Staying energized, performing at your best, and cutting weight with a low carbohydrate diet.
With so much talk about what the best diet program is (Paleo, terrible fads, etc), cutting weight can be extremely overwhelming. But if you happen to be working out at high intensities regularly, it’s going to be even tougher. Why? Because many popular weight loss strategies don’t work if you’re trying to perform at your best on a daily basis.
As an athlete, you have numerous reasons to keep your body fat level down. You, for instance, may need to stay under a certain weight level to compete, or in other sports, the less body fat you have, the quicker you tend to be.
Knowing low body fat matters, what approach then will help you achieve your fitness goals while keeping your energy levels up? Enter the low carbohydrate TIMED diet...
Why Low Carb Diets Work
To begin, it makes sense to assess why low carb diets are effective. Generally, these diets work for a couple of different reasons.
First, they tend to blunt hunger levels. Hunger is prompted by the increase and decrease in blood sugar levels (which is discussed in this look at the glycemic index). Because low carb diets tend to control blood sugar very well, hunger is often non-existent. In that state, you’ll have no problem maintaining a reduced calorie intake for fat loss.

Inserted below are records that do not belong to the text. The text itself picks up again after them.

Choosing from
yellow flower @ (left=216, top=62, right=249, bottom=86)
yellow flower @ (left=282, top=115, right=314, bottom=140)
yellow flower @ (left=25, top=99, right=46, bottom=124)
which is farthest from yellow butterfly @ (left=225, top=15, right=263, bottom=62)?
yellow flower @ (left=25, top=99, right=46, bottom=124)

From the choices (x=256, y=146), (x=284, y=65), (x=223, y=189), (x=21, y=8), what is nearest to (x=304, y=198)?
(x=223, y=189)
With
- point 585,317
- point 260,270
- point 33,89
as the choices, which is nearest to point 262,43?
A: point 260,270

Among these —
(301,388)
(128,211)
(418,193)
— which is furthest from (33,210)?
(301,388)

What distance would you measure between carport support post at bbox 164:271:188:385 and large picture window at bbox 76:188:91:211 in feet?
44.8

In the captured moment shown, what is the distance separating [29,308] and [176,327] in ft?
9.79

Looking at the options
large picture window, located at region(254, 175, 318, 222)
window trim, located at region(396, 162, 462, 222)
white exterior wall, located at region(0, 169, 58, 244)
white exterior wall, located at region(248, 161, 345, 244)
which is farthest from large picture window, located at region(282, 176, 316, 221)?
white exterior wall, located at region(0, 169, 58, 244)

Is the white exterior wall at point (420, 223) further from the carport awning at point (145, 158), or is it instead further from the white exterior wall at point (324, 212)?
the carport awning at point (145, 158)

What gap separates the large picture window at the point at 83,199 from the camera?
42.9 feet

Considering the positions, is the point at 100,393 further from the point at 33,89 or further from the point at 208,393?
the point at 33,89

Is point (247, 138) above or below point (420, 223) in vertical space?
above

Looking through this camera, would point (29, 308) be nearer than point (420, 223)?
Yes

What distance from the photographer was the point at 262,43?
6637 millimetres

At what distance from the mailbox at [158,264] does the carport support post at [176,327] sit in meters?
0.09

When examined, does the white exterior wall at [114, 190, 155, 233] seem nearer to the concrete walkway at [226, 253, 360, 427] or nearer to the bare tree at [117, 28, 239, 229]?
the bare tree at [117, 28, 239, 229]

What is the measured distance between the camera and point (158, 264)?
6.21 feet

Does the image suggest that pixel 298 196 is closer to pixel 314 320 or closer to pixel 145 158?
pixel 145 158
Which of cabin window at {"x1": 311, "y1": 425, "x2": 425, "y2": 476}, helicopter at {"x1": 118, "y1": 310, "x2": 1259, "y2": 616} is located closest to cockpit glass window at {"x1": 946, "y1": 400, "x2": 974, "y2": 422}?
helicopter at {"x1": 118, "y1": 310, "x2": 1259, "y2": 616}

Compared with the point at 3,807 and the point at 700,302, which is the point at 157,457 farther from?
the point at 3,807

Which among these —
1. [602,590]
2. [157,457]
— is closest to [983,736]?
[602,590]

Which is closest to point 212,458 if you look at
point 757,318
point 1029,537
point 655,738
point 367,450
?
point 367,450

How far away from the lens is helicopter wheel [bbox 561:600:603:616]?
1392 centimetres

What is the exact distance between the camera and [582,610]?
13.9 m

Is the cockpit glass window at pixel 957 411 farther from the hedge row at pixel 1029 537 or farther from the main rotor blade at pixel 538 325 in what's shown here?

Second, low carb diets work because at the beginning they cause a high level of water excretion. Note that this doesn’t represent actual fat loss but rather simply water weight loss. Nevertheless, it does serve as motivation for those looking to see quick progress.
Finally, low carb diets work because you’re cutting out a variety of high calorie, usually processed, foods and are no longer storing carbs that you weren’t using for energy as fat. Both of these factors promote further weight loss.
The Problem With Low Carb Diets And Athletes
So sure, now you understand how low carb diets work. What then is the issue with following them if you’re an athlete? The biggest problem they present is carbohydrates provide the key source of energy the body requires for games and workouts.
While you can utilize fat as a fuel source when completing low intensity exercise, you simply cannot perform intense activity (like weight lifting or any HIIT training) without carbohydrates present in the diet. It simply won’t work as the body can’t derive fuel fast enough to maximize athletic performance.
So how do you overcome this obstacle?
Making the Low Carb Diet Work for Athletes
The best way to follow a low carb dietwhile maintaining your performance levelis to actually follow a low carb TIMED diet, also known as carb cycling. This means you won’t cut carbs out completely – you’ll just consume a good deal of them right before and right after your workout.The rest of the day you’ll focus on lean protein and fat based meals, keeping your carb intake as close to zero as you can.
This approach allows you to still supply your body with the carbohydrates it needs at the most critical times, but yield the benefits of the low carb approach throughout the rest of the day.
Depending on the length and intensity of the workout session you plan to perform, you’ll want to take in 30-50 grams of carbohydrates before the workout, and another 50-100 grams of carbohydrates immediately after.
During the rest of the day, focus on having plenty of lean protein and vegetables, i.e. foods to get you jacked. Vegetables are highly important for athletes, as they provide plenty of potassium, which is required in higher concentrations when on a low carb diet approach (to help balance out the sodium that you’re consuming).
And it’s as simple as that. Make these minor adjustments to the low carb diet and you’ll have no problem seeing excellent fat loss while continuing to perform at your best.